On the occasion of World Press Freedom Day, the United Nations Special Rapporteur on Freedom of Opinion and Expression, David Kaye, issues the following statement:
"World Press Freedom Day was established over a quarter-century ago to reaffirm the centrality of a free, independent, and pluralistic press to democratic societies and the enjoyment of human rights. Every year it is marked as a celebration of the media, and we should continue to do that. But celebration in insufficient. Autocrats and demagogues too often denigrate the press, with dire consequences for safety, for democracy, and for the public's right to know. Today, more than ever, we need not just generic celebrations but concrete steps to improve press freedom worldwide.

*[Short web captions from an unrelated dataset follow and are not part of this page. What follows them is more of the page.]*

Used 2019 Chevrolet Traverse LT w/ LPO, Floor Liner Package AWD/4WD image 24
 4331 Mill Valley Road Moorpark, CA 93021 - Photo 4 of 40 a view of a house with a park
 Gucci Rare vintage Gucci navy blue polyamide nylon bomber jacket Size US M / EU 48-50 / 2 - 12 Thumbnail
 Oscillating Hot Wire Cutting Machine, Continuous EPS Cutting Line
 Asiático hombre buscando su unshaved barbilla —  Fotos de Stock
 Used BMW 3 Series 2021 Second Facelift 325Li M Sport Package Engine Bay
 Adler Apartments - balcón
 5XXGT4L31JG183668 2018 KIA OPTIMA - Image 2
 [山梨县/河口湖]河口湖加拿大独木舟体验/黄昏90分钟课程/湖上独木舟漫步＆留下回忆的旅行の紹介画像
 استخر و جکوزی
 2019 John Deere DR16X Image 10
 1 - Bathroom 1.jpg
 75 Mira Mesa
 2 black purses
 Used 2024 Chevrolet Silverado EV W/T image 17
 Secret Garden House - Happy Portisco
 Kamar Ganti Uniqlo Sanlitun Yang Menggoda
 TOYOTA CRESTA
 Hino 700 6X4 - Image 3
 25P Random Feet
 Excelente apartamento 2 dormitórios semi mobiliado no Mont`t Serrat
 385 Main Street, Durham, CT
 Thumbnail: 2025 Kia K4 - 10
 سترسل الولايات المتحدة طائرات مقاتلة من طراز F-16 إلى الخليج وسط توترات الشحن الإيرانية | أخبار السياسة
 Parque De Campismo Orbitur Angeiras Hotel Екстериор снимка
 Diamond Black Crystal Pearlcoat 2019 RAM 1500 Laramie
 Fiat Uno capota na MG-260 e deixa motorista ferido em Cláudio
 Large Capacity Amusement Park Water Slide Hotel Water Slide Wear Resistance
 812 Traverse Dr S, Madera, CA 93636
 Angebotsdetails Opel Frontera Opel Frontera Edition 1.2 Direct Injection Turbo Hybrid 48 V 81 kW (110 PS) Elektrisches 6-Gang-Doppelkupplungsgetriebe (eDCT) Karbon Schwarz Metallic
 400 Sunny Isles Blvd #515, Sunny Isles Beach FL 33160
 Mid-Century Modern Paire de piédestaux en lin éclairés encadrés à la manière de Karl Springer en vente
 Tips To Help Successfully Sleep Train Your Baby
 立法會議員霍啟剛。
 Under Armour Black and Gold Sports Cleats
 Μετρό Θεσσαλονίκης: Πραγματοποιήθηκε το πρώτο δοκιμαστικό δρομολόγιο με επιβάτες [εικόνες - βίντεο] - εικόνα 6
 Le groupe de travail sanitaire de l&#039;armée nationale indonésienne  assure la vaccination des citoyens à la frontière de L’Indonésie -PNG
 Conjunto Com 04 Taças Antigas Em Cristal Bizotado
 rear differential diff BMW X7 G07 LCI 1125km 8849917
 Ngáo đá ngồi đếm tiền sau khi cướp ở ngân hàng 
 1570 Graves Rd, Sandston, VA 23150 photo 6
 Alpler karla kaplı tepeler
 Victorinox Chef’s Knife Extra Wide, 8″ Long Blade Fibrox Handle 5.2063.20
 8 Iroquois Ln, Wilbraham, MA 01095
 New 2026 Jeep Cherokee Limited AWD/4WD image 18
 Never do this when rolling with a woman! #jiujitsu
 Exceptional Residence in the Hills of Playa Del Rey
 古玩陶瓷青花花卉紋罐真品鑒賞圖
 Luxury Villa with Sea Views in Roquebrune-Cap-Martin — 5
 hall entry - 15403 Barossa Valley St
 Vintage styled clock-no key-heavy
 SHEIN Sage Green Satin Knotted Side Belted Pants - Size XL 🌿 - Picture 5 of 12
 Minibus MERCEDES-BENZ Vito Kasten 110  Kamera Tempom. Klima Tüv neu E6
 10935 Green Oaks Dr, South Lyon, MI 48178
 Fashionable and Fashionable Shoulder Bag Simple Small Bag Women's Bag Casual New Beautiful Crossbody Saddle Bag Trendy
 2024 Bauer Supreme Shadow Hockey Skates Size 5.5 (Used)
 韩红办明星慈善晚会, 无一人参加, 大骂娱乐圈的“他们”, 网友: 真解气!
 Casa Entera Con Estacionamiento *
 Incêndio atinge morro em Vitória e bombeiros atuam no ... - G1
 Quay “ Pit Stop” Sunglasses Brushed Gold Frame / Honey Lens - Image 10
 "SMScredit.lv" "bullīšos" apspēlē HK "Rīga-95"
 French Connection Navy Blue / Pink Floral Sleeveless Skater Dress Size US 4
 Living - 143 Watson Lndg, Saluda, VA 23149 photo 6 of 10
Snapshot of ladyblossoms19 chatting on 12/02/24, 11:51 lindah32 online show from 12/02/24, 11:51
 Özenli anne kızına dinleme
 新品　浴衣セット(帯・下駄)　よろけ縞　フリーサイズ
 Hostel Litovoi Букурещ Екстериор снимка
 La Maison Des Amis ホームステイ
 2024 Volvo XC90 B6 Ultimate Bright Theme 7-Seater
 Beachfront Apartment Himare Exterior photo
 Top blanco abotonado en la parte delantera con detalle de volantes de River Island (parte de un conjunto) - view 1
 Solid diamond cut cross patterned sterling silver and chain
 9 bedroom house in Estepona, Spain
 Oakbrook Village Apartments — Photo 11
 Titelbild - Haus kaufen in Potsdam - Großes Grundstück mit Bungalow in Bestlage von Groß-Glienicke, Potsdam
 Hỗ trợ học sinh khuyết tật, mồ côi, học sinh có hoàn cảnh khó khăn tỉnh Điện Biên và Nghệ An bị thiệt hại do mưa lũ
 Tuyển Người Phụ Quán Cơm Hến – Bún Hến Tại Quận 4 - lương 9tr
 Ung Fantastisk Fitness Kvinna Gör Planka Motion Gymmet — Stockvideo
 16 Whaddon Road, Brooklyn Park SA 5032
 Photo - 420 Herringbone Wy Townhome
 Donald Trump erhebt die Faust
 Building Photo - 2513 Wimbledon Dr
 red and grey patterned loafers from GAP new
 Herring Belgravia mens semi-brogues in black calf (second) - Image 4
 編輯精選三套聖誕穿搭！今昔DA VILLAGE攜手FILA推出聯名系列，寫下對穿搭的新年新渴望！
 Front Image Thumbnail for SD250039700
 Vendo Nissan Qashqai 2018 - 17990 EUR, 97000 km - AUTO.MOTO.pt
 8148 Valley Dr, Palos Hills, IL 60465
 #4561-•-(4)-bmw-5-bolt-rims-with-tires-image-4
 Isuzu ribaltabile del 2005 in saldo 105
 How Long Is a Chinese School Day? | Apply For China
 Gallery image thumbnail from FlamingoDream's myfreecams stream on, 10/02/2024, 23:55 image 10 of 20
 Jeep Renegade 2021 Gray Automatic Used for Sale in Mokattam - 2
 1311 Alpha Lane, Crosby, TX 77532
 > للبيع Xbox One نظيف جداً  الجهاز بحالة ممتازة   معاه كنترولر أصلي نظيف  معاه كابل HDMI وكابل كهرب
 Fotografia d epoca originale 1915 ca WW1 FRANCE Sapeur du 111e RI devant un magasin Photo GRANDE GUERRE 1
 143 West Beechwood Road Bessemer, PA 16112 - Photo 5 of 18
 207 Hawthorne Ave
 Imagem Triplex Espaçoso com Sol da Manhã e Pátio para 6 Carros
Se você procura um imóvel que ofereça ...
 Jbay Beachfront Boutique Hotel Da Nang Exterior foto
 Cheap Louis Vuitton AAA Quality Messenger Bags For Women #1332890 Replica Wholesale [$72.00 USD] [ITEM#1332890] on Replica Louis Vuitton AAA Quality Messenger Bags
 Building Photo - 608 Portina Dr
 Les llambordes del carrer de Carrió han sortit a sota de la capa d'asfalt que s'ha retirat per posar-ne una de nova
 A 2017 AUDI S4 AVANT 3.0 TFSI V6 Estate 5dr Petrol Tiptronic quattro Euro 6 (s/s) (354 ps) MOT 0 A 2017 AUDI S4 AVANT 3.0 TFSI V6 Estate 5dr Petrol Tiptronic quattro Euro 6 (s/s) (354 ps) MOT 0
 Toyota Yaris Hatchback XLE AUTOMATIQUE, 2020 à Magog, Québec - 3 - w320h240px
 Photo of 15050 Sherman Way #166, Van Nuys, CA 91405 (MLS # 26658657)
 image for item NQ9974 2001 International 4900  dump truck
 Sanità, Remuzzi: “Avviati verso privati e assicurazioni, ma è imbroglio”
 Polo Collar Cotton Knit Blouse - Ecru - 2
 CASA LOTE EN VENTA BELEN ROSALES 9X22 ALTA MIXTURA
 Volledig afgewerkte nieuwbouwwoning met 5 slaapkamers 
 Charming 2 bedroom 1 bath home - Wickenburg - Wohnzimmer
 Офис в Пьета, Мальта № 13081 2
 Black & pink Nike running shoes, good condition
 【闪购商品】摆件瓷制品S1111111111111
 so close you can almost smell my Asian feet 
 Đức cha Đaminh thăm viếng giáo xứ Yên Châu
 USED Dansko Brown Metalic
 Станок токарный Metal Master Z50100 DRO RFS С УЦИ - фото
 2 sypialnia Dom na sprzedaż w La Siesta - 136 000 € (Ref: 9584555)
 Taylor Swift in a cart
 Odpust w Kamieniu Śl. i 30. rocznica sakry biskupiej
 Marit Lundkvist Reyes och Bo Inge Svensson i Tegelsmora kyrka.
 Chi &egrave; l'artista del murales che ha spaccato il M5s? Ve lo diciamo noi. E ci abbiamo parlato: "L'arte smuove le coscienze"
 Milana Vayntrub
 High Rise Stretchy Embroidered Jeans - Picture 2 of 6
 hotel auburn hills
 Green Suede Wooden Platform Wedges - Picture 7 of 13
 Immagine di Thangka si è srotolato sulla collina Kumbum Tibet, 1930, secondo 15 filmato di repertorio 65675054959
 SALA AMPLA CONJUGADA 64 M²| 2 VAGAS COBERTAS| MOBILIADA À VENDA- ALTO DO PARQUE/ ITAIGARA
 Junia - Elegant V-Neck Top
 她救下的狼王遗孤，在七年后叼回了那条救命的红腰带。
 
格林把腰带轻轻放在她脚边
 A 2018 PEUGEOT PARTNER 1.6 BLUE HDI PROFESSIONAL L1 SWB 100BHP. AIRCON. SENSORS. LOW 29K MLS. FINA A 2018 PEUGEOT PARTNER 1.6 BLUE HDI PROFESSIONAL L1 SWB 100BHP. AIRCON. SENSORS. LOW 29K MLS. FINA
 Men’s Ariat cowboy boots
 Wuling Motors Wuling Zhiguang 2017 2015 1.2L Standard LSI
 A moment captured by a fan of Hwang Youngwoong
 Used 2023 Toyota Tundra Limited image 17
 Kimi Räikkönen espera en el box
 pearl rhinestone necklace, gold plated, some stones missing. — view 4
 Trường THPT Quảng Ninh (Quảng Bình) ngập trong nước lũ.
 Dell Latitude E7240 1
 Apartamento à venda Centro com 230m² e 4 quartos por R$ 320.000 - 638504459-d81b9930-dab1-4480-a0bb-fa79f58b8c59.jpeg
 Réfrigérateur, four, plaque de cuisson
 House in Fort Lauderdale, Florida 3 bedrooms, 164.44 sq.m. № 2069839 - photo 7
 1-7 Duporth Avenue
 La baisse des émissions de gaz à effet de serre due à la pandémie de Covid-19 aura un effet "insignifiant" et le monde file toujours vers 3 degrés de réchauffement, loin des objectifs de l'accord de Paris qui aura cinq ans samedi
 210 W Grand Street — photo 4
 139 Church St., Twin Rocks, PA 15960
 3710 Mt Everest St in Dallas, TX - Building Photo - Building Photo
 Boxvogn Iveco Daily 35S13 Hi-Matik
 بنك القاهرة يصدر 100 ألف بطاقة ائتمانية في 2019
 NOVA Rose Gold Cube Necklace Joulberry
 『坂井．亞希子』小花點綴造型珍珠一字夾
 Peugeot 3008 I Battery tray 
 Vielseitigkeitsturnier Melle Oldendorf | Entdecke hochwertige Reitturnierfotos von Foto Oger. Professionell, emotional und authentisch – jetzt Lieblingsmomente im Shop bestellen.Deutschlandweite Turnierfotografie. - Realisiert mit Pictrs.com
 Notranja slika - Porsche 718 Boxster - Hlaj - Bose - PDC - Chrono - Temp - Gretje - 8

The past year has highlighted just how much insecure governments, those that fear the truth, "shoot the messenger" rather than grapple with the message. Saudi Arabia's murder of Jamal Khashogghi has resulted in virtual impunity for those who conceived, planned, and carried it out. The Philippines continues to harass Maria Ressa and Rappler, the independent news outlet she founded and leads. Myanmar has forced two Reuters reporters, Wa Lone and Kyaw Soe Oo, to pay with their freedom for their investigative reporting that uncovered evidence of military complicity in the killings and ethnic cleansing of Rohingya. Dozens of journalists (if not more) remain behind bars in Turkey, and basic rights to seek, receive and impart information hardly exist in China. To date, Malta has failed to hold accountable those responsible for the assassination of Daphne Galizia Caruanza, and the crisis of threat and impunity remains critical in Mexico. Sadly, this is representative only, for many other dire situations could be identified.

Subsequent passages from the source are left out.